Quiz: GNNs for Recommender Systems¶

Test your understanding of collaborative filtering, matrix factorization, LightGCN, and PinSage.

Question 1¶

Collaborative filtering predicts user preferences based on the assumption that similar users like similar items. In the graph view, what structure does this correspond to?

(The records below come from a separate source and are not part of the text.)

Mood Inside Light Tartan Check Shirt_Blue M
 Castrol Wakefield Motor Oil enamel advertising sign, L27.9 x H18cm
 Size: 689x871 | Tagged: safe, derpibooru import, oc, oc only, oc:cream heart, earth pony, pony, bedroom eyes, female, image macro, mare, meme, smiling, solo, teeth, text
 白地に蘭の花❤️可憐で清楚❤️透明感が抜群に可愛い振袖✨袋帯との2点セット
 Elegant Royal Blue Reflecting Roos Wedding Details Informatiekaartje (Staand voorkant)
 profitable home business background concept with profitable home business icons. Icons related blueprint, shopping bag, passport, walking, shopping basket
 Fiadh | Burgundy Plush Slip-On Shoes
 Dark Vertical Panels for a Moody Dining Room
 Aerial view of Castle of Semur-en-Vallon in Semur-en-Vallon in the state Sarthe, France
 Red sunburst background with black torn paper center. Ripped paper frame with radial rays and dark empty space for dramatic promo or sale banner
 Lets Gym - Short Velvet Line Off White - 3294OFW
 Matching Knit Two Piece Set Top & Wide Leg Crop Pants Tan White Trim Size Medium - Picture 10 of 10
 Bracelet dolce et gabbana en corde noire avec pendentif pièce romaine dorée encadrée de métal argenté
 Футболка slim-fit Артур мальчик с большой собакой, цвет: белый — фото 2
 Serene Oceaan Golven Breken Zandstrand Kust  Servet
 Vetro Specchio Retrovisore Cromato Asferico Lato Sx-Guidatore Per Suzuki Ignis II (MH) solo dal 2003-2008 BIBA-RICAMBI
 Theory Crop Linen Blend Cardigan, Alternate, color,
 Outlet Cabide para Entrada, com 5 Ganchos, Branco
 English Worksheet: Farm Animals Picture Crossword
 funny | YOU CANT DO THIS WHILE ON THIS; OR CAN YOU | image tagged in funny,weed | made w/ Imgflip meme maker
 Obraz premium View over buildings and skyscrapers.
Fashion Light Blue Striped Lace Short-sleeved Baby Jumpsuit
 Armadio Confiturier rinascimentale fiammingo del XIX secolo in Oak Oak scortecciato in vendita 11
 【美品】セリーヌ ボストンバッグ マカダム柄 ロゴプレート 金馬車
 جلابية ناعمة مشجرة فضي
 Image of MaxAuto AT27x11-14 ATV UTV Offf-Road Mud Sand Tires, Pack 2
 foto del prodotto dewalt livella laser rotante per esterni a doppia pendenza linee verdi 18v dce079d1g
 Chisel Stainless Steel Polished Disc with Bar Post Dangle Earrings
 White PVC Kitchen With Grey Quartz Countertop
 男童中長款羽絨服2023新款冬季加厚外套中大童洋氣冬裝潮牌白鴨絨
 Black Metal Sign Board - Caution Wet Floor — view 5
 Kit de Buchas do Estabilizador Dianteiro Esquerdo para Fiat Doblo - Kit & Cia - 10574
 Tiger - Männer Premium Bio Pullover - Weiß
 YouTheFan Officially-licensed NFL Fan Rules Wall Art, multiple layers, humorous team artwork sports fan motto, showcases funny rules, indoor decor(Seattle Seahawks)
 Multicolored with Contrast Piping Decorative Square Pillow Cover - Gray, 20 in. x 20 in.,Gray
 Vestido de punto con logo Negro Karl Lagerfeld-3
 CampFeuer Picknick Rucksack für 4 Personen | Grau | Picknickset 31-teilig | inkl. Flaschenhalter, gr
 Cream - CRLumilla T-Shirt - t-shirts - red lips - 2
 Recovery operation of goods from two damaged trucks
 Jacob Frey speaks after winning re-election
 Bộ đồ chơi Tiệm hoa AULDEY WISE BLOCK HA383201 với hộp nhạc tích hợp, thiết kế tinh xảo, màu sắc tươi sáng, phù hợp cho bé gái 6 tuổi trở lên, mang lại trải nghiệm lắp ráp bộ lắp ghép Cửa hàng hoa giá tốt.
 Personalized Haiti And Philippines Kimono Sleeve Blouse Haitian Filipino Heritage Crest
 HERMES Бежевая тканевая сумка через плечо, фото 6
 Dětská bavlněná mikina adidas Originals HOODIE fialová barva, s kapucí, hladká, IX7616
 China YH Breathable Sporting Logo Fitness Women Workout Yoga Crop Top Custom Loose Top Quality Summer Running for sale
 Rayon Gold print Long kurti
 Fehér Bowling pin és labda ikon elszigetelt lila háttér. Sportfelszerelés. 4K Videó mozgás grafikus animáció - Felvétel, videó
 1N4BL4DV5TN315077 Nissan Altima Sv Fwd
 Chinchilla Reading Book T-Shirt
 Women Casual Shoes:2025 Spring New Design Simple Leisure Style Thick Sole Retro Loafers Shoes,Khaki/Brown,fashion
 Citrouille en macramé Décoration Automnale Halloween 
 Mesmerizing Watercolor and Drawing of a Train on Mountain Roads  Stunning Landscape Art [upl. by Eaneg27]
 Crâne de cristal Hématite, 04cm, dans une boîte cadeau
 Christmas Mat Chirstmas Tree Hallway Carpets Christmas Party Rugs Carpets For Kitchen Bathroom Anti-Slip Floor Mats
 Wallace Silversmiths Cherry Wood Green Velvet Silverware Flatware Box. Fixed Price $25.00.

A directed graph where edges point from items to users who purchased them
A bipartite user-item interaction graph where users and items are two disjoint node sets and edges encode observed interactions
A homogeneous graph where all users and items are the same node type
A hypergraph where each edge connects one user to multiple items simultaneously

Show Answer

The correct answer is B. Collaborative filtering naturally maps to a bipartite graph \(B = (U, I, E)\) where user nodes \(U\) and item nodes \(I\) are disjoint, and each edge \((u, i) \in E\) indicates that user \(u\) interacted with item \(i\) (purchased, rated, clicked). Two users are "similar" if their neighborhoods in this bipartite graph overlap (they interacted with many common items). GNNs on this bipartite graph propagate collaborative signals through multi-hop paths: user \(u\)'s 2-hop neighborhood includes all items rated by users similar to \(u\).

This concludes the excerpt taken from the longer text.